The idea is to generate multiple smaller datasets that include only a fraction of the current samples. Because this subsampling is performed at random, all samples have the same chance of being part of the dataset. The figure below is a representation of subsampling for two loci and four populations with different sample sizes: A= 16, B=13, C=8 and D=3. In this example 3 individuals per population were sampled, no replicates are shown.

Fig. Subsampling.


Subsample your data and create an input file for PHRAPL

Follow the next steps to subsample your data and create an input file for PHRAPL

Load input files

setwd("/your_working_directory/")
library(phrapl)

#############################
#####   Load input files  ###

# Assignement file
currentAssign<-read.table(your_working_directory/CladeAssignments.txt)

# Trees file
currentTrees<-read.tree(your_working_directory/trees.tre)

Define arguments

#############################
#####   Define arguments  ###

# Number of population and individuals per population that will be subsampled
### Simulations showed that 2 or 3 individuals per population are enough.
popAssignments<-list(c(2,2,2))    # 3 populations and 2 individuals per population

subsamplesPerGene<-200       #100 might be enough.

Do subsampling

Read more about how to subsample trees in the PHRAPL vignette, section III.

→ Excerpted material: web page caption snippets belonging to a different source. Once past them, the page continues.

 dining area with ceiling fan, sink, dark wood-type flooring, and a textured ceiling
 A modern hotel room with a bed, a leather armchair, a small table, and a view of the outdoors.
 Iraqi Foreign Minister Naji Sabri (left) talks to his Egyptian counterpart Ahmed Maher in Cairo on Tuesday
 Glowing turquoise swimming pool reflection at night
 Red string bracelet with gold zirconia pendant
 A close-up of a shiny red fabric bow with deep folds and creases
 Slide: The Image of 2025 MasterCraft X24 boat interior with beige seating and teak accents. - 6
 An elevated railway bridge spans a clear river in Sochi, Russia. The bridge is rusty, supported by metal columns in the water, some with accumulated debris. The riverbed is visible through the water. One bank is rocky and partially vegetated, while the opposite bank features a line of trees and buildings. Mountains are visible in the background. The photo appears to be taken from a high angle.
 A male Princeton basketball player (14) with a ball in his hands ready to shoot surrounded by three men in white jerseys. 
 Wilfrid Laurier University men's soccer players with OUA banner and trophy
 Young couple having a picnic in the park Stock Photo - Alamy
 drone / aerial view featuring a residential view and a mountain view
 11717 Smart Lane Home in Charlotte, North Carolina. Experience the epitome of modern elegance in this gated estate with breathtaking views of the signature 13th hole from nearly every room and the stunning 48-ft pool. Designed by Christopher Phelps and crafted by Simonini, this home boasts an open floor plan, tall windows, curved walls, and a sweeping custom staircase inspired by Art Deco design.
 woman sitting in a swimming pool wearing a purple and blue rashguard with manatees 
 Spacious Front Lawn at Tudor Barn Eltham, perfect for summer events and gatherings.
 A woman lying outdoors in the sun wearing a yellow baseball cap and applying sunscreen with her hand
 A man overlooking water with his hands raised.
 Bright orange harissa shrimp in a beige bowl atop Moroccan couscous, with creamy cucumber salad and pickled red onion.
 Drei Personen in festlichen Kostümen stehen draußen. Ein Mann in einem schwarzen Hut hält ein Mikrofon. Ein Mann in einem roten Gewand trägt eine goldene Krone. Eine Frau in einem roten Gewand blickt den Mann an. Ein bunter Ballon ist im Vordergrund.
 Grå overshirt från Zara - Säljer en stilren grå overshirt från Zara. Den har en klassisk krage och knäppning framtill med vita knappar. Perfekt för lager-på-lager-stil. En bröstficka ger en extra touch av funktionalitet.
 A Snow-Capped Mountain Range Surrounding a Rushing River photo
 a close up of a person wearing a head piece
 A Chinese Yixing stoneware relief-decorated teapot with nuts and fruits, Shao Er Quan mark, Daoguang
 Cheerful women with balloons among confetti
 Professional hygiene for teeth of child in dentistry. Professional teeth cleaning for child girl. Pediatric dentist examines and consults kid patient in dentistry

#############################
####  Do subsampling  #######

observedTrees<-PrepSubsampling(
assignmentsGlobal=currentAssign,      # the population assignments table
observedTrees=currentTrees,           # the original trees
popAssignments=popAssignments,        # the number of tips subsampled per population
subsamplesPerGene=subsamplesPerGene,  # the number of replicate subsamples to take per locus
outgroup=FALSE,                       # whether an outgroup is present in the dataset (TRUE or FALSE)
outgroupPrune=FALSE)                  # whether an outgroup, if present, should be excluded from the subsampled trees

Get subsample weights

Read more about how to calcule degeneracy weights for subsampled trees in the PHRAPL vignette, section IV.

#############################
### Get subsample weights ###
subsampleWeights.df<-GetPermutationWeightsAcrossSubsamples(popAssignments=popAssignments,
observedTrees=observedTrees)

Save PHRAPL input

You only need to subsample and calculate subsample weights one time, even if you are running different sets of models (migrationArray)

save(list=c("observedTrees","subsampleWeights.df"),file=phraplInput.rda)